Variables	Mild Preeclampsia, n = 35	Severe Preeclampsia, n = 17	P Value
Maternal age, years	28 ± 2	29 ± 2	.236
GA at delivery, weeks	37.4 ± 0.9	37.2 ± 1	.525
Systolic BP, mm Hg	139 ± 11	159 ± 11	<.001
Diastolic BP, mm Hg	75 ± 11	90 ± 12	<.001
Proteinuria, g/dL	977 ± 742	1720 ± 1120	.004
Gravida (median)	2 ± 1.2	2 ± 1.4	.600
Parite (median)	2 ± 1.2	2 ± 1.1	.482
Abortus (median)	0 ± 0.4	0 ± 0.3	.521
WBC, ×103 µL	10 ± 3.4	10.4 ± 2	.678
Hemoglobin, mg/dL	10.5 ± 1.3	10.2 ± 1.3	.415
Platelet, ×103 µL	289 ± 77	265 ± 76	.226
RDW, %	16.4 ± 1.5	18 ± 1.5	<.001
NLR	3.4 ± 0.5	3.5 ± 0.5	.184
Hs-CRP, mg/dL	4.4 ± 2.9	5.2 ± 3.6	.009
Birth weight, mg	2785 ± 473	2454 ± 452	<.001

Abbreviations: BP, blood pressure; GA, gestational age; WBC, white blood cell; RDW, red cell distribution width; NLR, neutrophil-to-lymphocyte ratio; hs-CRP, high-sensitivity C-reactive protein.

Discussion

To our knowledge, this is the first study in the literature that shows a relationship between RDW levels and preeclampsia. Furthermore, we observed higher RDW levels in patients with severe preeclampsia than in patients with mild preeclampsia.

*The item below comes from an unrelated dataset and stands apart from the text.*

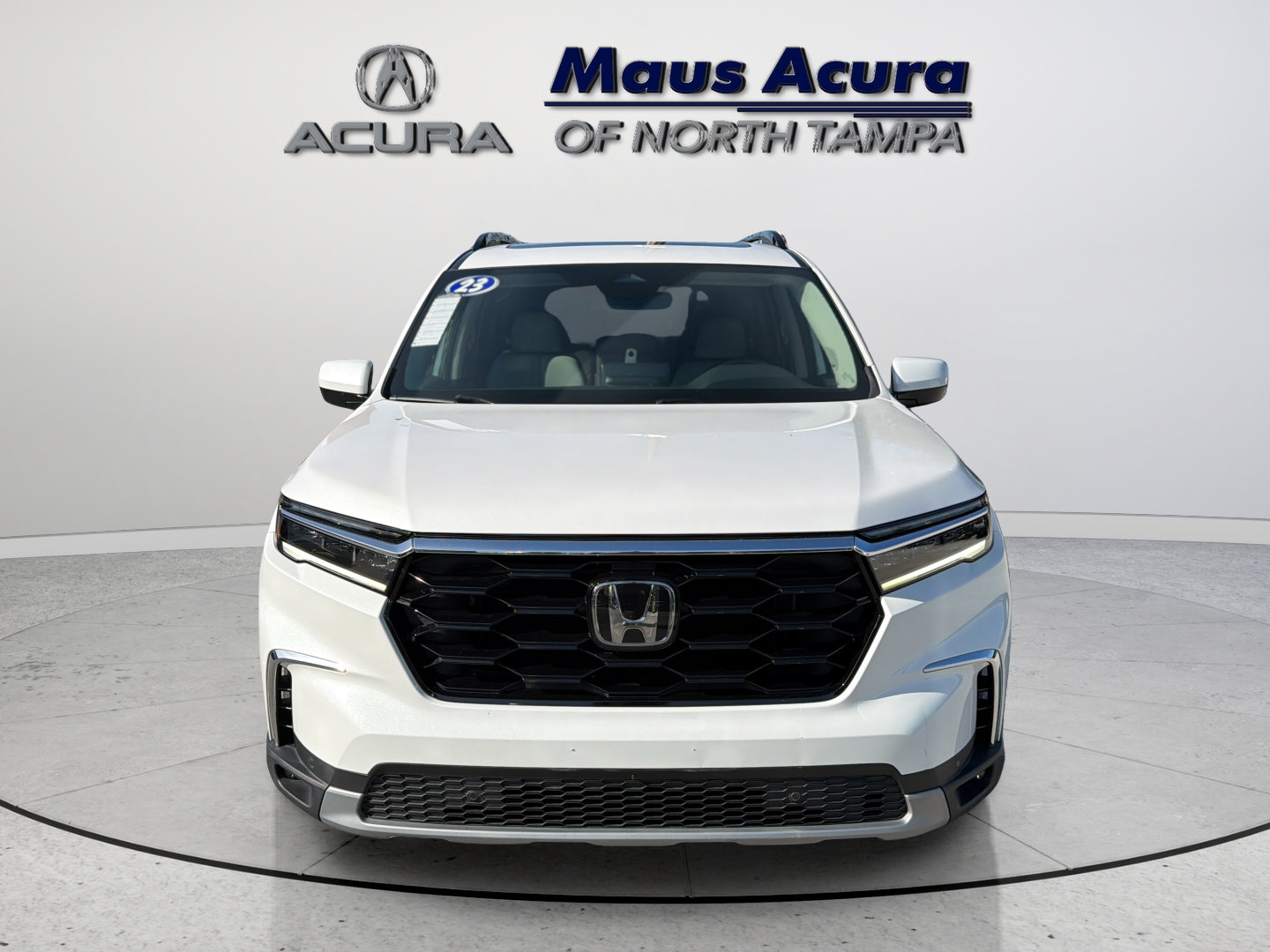 Used 2023 Honda Pilot Touring image 4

The RDW, previously used only as an index for the diagnosis of anemia, has been recently shown to be associated with the presence and severity of hypertension. ^4,7 Moreover, high-RDW level is an indicator of poor prognosis in the general population and in many cardiac events such as acute myocardial infarction and heart failure. ^5,8,9 The mechanism of the relationship between RDW and hypertension is not clearly known. There are several proposed theories. The most probable theory shows increased inflammation as the main cause. ¹⁰ Accordingly, in the present study, we found a positive correlation between CRP and RDW levels. Although there is no adequate data involving the influence of normal pregnancy over RDW, Shehata et al reported significantly high RDW between 34 weeks of gestation and the onset of labor. No significant changes occurred between 16 and 34 weeks of gestation or during the 7 days postpartum. ¹¹

Preeclampsia is seen in 2% to 8% of pregnancies. ^12,13 Although the exact reason behind it is not known, inadequate trophoblast invasion, altered immune tolerance, and aggravation of maternal vascular inflammatory response are regarded as being responsible for its pathophysiology. ¹⁴ In preeclampsia, fibrinoid material and foam cells stored around the spiral arteries cause deterioration of blood flow, thus leading to hypoxia. ¹⁵ In their study, Troeger et al observed increased erythropoietic stimulation and associated it with the underlying placental hypoxia in the patients with preeclampsia. ¹⁶ Since erythrocytes have a poor repair mechanism, they are destroyed by any minor event causing damage. Increased inflammatory process (eg, neutrophil, monocyte, and macrophage) in preeclampsia leads to the destruction of red blood cells by acting with oxygen radicals and proteolytic enzymes. After this destruction, the levels of some catabolic products, such as erythrocyte membrane band 3 protein, have been observed to increase. ^{17 –19} Tissue hypoxia-induced erythropoietin secretion stimulates bone marrow. Thus, the number of immature erythrocytes increases in the blood flow, and reticulocytosis takes place. ²⁰

The relationship between RDW and preeclampsia can be explained by several possible mechanisms. Increased inflammatory response is the most probable underlying mechanism. Previous studies have reported that preeclampsia was associated with increased tumor necrosis factor α and interleukin 6 levels ²¹ while also revealing a close relationship between RDW levels and increased inflammation. ¹⁰ Inflammation likely increases RDW levels via impairment of iron metabolism, disruption of response to erythropoietin, and shortening of the lives of red blood cells. ²² Furthermore, inflammatory cytokines have been shown to cause the immature erythrocytes to enter the circulation by impairing erythrocyte maturation. ²³

There is a need for further studies in order to completely understand the pathophysiologic relationship between RDW and preeclampsia. Nonetheless, we believe that activation of inflammation, which is thought to be closely related to preeclampsia, increases RDW levels through its impact on erythropoiesis.